Dans une fresque sociale acerbe, magistralement construite, Joanna Bator peint les frustrations et les rêves d’une société amnésique, antisémite, prisonnière entre ses deux grands voisins. Un coup de maître pour cette talentueuse auteure polonaise

Genre: Roman
Qui ? Joanna Bator
Titre: Le Mont-de-Sable
Trad. du polonais parCaroline Raszka-Dewez
Chez qui ? Noir sur Blanc, 384 p.

Le Mont-de-Sable s’élève au-dessus de Walbrzych. En bas, les maisons des Allemands qui ont dû partir à la fin de la guerre, remplacés par des Polonais venus des territoires rendus à l’URSS, quand le pays a glissé vers l’ouest. A l’horizon, la terre qui va devenir celle de tous les espoirs, la RFA, hélas encore séparée par le purgatoire de la RDA. Les hommes travaillent à la mine. Extraire le charbon est encore un métier de prestige que les mineurs exercent avec fierté. Sur le Mont-de-Sable, au début des années 1970 s’élèvent les tours de HLM, appartements avec chauffage central et eau courante, privilège des bons ouvriers, avec les vacances au bord de la Baltique.

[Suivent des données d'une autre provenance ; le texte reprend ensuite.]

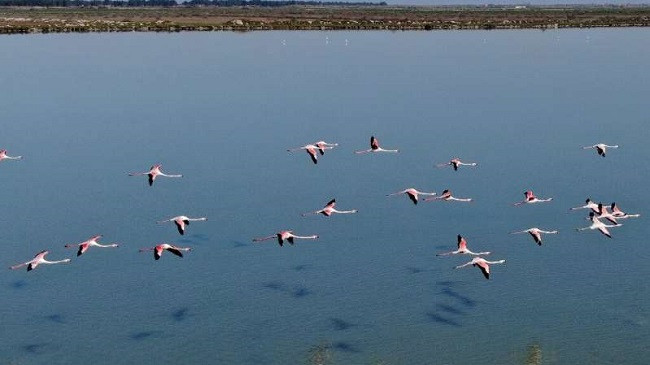 ‘Zogjtë në parajsë’: Flamingot e Shqipërisë lulëzojnë nën izolimin nga koronavirusi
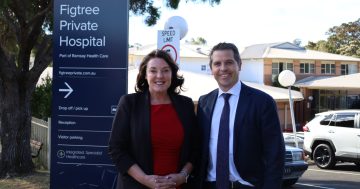 Temporary beds for elderly patients to ease pressure on struggling Wollongong Hospital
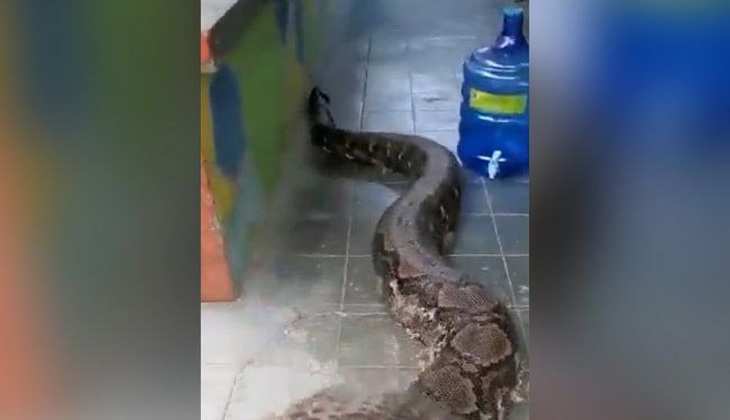 Anaconda Viral Video: घर में घुसा एनाकोंडा, बालकनी में घूमते हुए वीडियो वायरल
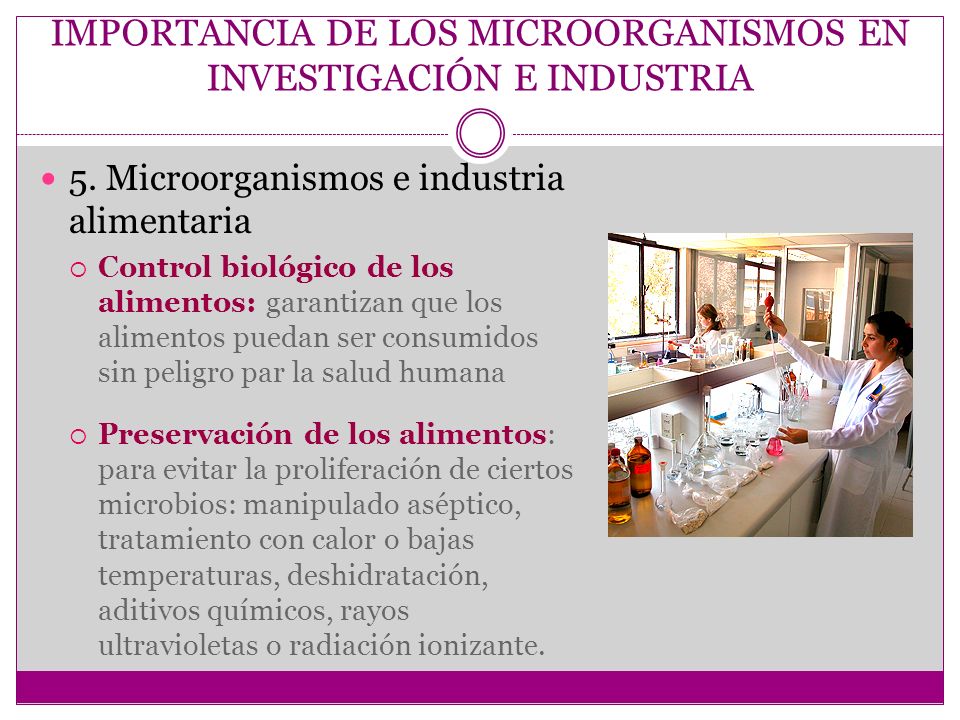 IMPORTANCIA TIENEN BACTERIA INDUSTRIA importancia tienen bacteria industria:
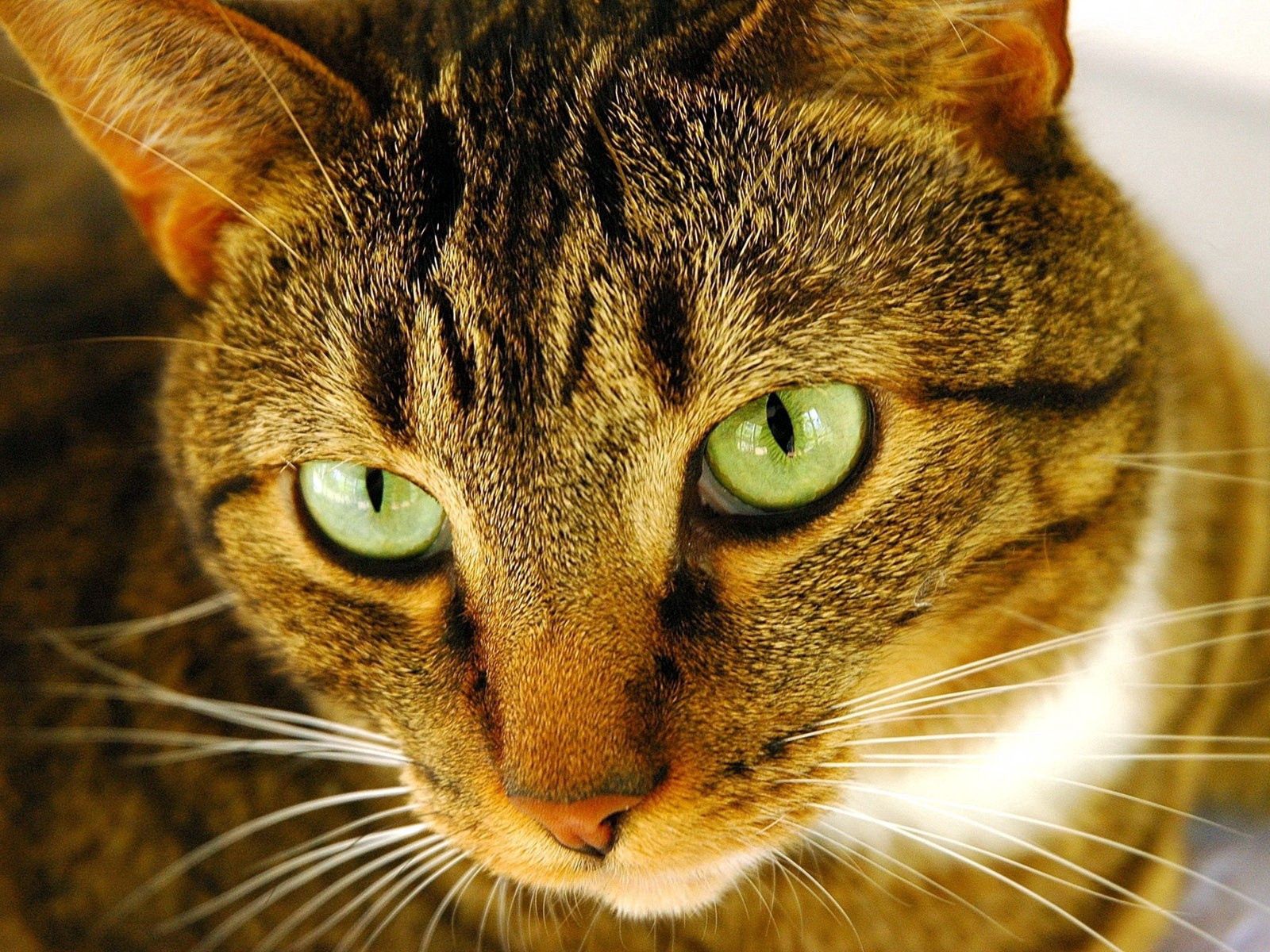 120642 descargar fondo de pantalla animales, gato, bozal, ojos, rayas, rayado: protectores de pantalla e imágenes gratis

Quand Jadzia débarque de sa campagne, l’Adolf-Hitler-Strasse est devenue la rue Vladimir-Lénine. Son oncle et seul parent a besoin d’elle au bureau. Ce Kazimierz a toujours su tirer parti des circonstances, déjà la guerre lui a bien servi. A Walbrzych, la nièce trouvera bien un mari, mieux qu’à Zalesie où elle a laissé sa mère. Zofia, Jadzia, plus tard sa belle-mère Halina, enfin sa fille Dominika sont les héroïnes emblématiques d’un roman familial: trois générations de femmes dans la Pologne d’après-guerre et jusqu’à aujourd’hui.

Alacrité et cruauté

Joanna Bator est née à Walbrzych en 1968. Elle sait de quoi elle parle. Cette proximité donne à son roman une alacrité, une cruauté et une drôlerie qu’on retrouve souvent dans les romans venus des pays de l’Est. Il en émane aussi une affection pour les figures féminines. Quant aux hommes, c’est plus difficile de les suivre avec empathie. Des ivrognes brutaux, à l’alcool lubrique, violent ou sentimental. Des losers qui ont perdu d’avance le combat pour l’accès aux biens de consommation – voiture, télé, mixer, etc. Des traficoteurs sans scrupule comme l’oncle Kazimierz.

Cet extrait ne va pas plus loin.